Club de lectura
Por José Luis Muñoz , 6 junio, 2019
Voy a contar una experiencia ilustradora sufrida en un club de lectura sin que ello suponga su desacreditación, un club de lectura femenino, circunstancia que remarca la teoría de que en este país solo las mujeres leen o los hombres son tan autosuficientes que no necesitan de clubes de lectura para comentar con otros lectores, o con su autor, un libro que ya han leído.
La segunda pregunta de una de las lectoras más incisivas del grupo me descolocó tanto como su cuestionamiento previo del titulo del libro. Lo de que me pidan explicaciones sobre el titulo de un libro era algo que jamás me había pasado. Empezamos bien, me dije, si ya ni les gusta el título. Defendí, al parecer sin mucho poder de convicción, que el siniestro protagonista de mi novela fuera un lobo por solitario, sangriento y depredador.

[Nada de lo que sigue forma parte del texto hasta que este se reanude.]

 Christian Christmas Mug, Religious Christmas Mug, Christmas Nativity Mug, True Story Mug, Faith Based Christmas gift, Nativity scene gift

Planeaba Hobbes en mi cabeza cuando deseché títulos alternativos como “El carnicero de Mauthausen” o “Doctor Muerte”. Mi lectora se irritó por equiparar asesino / lobo y quizá tuviera razón y debía haber titulado la novela como “El rastro del chacal”, pero el titulo me habría remitido inexorablemente al bestseller de Frederic Forsyth. La lectora que tomaba las riendas del club, con el asentimiento de las demás, me hizo, tras su observación sobre un titulo que no le gustaba, o no encontraba procedente, una pregunta determinante, nuclear: ¿Para qué tipo de lector escribo? Me estaba reprochando el que no escribiera para ella, seguramente porque mi libro no le había gustado.

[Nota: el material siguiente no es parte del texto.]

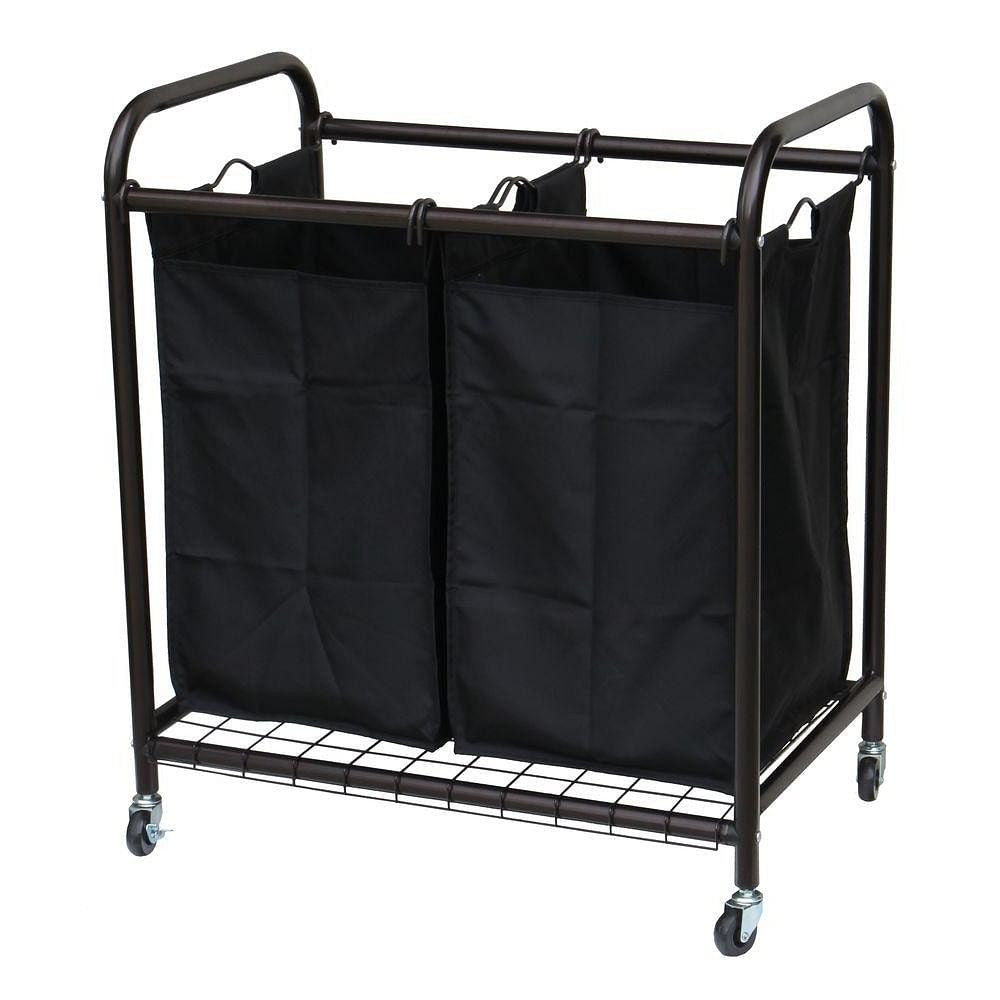 Bronze Laundry Hamper Cart with 2 Black Sorter Bags-2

La encrucijada era apasionante y además, arrinconado físicamente en el extremo de una mesa y con una pared a mis espaldas, no tenía posibilidad de escape a no ser que tuviera poderes y cruzara la cristalera que me barraba el paso. Adictos a los masajes literarios por parte de los que nos leen, los escritores, malditos vanidosos egocentristas, no estamos acostumbrados a ser censurados, pero recomiendo la experiencia. Superada la perplejidad inicial, respondí que en lo que menos pensaba cuando escribía era en quien leería mi novela, que si así lo hiciera dejaría de ser mi escritura un acto de libertad suprema y mermaría mi creatividad, que uno debe escribir para sí mismo o corre el riesgo de convertirse en un impostor, y si resulta que las historias que le brotan a uno de la imaginación interesan a terceros, miel sobre hojuelas. Tras una pausa dije que, en efecto, abundan los escritores que escriben para sus lectores obras impostadas, huecas, que no hieren a nadie y gustan a todos, y ahí radica su éxito comercial, que los escritores que no queremos pasar por el aro, o somos literalmente incapaces de someternos a las normas, sufrimos en estos tiempos que corren dos tipos de dictaduras, la de las modas literarias, que debemos seguir si no queremos que nos condenen al ostracismo y al silencio, y la de lo políticamente correcto, una monserga importada de Estados Unidos que puede acarrearnos linchamientos moralistas, y contra ambas me rebelo y así me va. La novela negra, y en ella me incluyo desde la heterodoxia más absoluta y la violación de todas sus normas, pone el foco sobre los aspectos más oscuros de nuestra sociedad y la protagonizan personajes tan siniestros como el lobo, o chacal, o hiena, de ese libro mío cuestionado en un club de lectura. Si determinados aspectos del libro incomodan, me parece perfecto y me doy por satisfecho. No hay peor castigo que la indiferencia. Así es que animé a mis nada complacientes lectoras que arrojaran el libro contra una pared como si fuera una piedra, con rabia, o que me lapidaran con él. No llegaron a tanto.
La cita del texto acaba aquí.